Re: [RFC PATCH 0/4] cgroup aware workqueues
From: Michael Rapoport
Date: Fri May 27 2016 - 05:22:36 EST
> Tejun Heo <htejun@xxxxxxxxx> wrote on 03/31/2016 08:14:35 PM:
>
> Hello, Michael.
>
> On Thu, Mar 31, 2016 at 08:17:13AM +0200, Michael Rapoport wrote:
> > > There really shouldn't be any difference when using unbound
> > > workqueues. workqueue becomes a convenience thing which manages
> > > worker pools and there shouldn't be any difference between workqueue
> > > workers and kthreads in terms of behavior.
> >
> > I agree that there really shouldn't be any performance difference, but
the
> > tests I've run show otherwise. I have no idea why and I hadn't time
yet to
> > investigate it.
>
> I'd be happy to help digging into what's going on. If kvm wants full
> control over the worker thread, kvm can use workqueue as a pure
> threadpool.
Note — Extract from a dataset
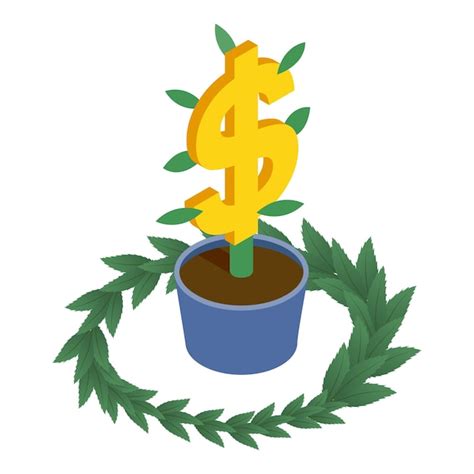 Premium Vector Investment Growth Icon Isometric Vector Dollar Sign In Flower Pot Green Branch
Schedule a work item to grab a worker thread with the
> matching attributes and keep using it as it'd a kthread. While that
> wouldn't be able to take advantage of work item flushing and so on,
> it'd still be a simpler way to manage worker threads and the extra
> stuff like cgroup membership handling doesn't have to be duplicated.
>
> > > > opportunity for optimization, at least for some workloads...
> > >
> > > What sort of optimizations are we talking about?
> >
> > Well, if we take Evlis (1) as for the theoretical base, there could be
> > benefit of doing I/O scheduling inside the vhost.
>
> Yeah, if that actually is beneficial, take full control of the
> kworker thread.
It me took a while, but at last I had time to run some benchmarks.
I've compared guest-to-guest netperf with 3 variants of vhost
implementation:
(1) vanilla 4.4 (baseline)
(2) 4.4 + unbound workqueues based on Bandans patches [1]
(3) 4.4 + "grabbed" worker thread. This is my POC implementation that
actually follows your proposal to take full control over the worker
thread.
I've run two guests without any CPU pinning and without any actual
interaction with cgroups
Here's the results (in MBits/sec):
size | 64 | 256 | 1024 | 4096 | 16384
-----+-------+---------+---------+---------+---------
(1) | 496.8 | 1346.31 | 6058.49 | 13736.2 | 13541.4
(2) | 493.3 | 1604.03 | 5723.68 | 10181.4 | 15572.4
(3) | 489.7 | 1437.86 | 6251.12 | 12774.2 | 12867.9
>From what I see, for different packet sizes there's different approach
that outperforms the others.
Moreover, I'd expect that in case when vhost completely takes over the
worker thread there would no be difference vs. current state.
Tejun, can you help explaining these results?
[1] http://thread.gmane.org/gmane.linux.network/286858